According to RSF, over 100 people on motorcycles stormed into the office of Dainik Somoyer Narayanganj, a local daily newspaper based in the Dhaka suburb of Narayanganj, on 12th February 2022. After smashing surveillance cameras and destroying the recordings they contained, they threatened to kill the editor and said they would return if an apology was not published in the next day’s issue.
This raid was prompted by an article in the previous day’s issue about a police investigation into Ajmeri Osman for involvement in the murder of a teenager. He is the nephew of a local parliamentarian who is a member of Bangladesh’s ruling Awami League. RSF has confirmed that the police arrested eight suspects on 13th February but released them the next day.
Peaceful Assembly
Restriction and attacks on protests by police and ruling party supporters
There have also been reports of restriction on protests and excessive force by the police and also supporters of the ruling party in recent months including on the opposition, students and workers.
On 22nd December 2021, the opposition Bangladesh Nationalist Party BNP alleged that police attacked its peaceful rally in Habiganj and fired bullets indiscriminately on its leaders and activists, leaving around 300 injured.

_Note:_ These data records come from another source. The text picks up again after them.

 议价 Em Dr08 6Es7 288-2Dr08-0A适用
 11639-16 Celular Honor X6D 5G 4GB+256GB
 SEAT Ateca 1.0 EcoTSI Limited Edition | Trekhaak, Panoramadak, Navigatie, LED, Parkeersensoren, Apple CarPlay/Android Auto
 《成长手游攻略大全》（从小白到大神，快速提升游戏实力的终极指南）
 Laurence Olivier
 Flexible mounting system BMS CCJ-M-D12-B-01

The BNP had organised the rally to call for the party chairperson Khaleda Zia to receive treatment abroad.
On 11th January 2022, three staff of Dhaka Medical College and Hospital (DMCH) were injured in an attack by activists of the Bangladesh Chhatra League - which is linked to the ruling Awami League Party - during a sit-in at the college premises demanding the cancellation of outsourcing.
This is how Sheikh Hasina treat with the future generation of Bangladesh. These are the university student. Hasina doesn't care about their vote. Her power rely on Police League. #HumanRightsViolation #SUST #BdPoliceBrutality pic.twitter.com/E9l9L9ednV
— Yusuf Khan (@KhanYusuf98) January 16, 2022
On 16th January 2022, hundreds of students of Shahjalal University of Science and Technology participated in a demonstration around issues in their hostel. However, the police disrupted the protest and used force including batons and grenades to disperse the protesters, which left at least 40 students injured. Protesting students were also assaulted by leaders and activists of the Bangladesh Chhatra League (BCL).
On 25th January 2022, police dispersed the leaders and activists of Bangladesh Jatiyatabadi Chhatra Dal (JCD) that had gathered at the central Shaheed Minar to observe a hunger strike to express solidarity with demonstrating students of Shahjalal University of Science and Technology (SUST). Jatiyatabadi Chhatra Dal is the student wing of the opposition Bangladesh Nationalist Party (BNP).
On 15th February 2022, at least 20 workers were injured when the industrial police used batons and sound grenades to disperse about 500 garment workers who blocked Dhaka-Mymensingh highway at Cherag Ali point at Tongi in Gazipur. The workers from Gooryong Fashion Limited were protesting against the factory employers for show-cause notices to 28 of their colleagues and the firing of several others for what they said was without basis.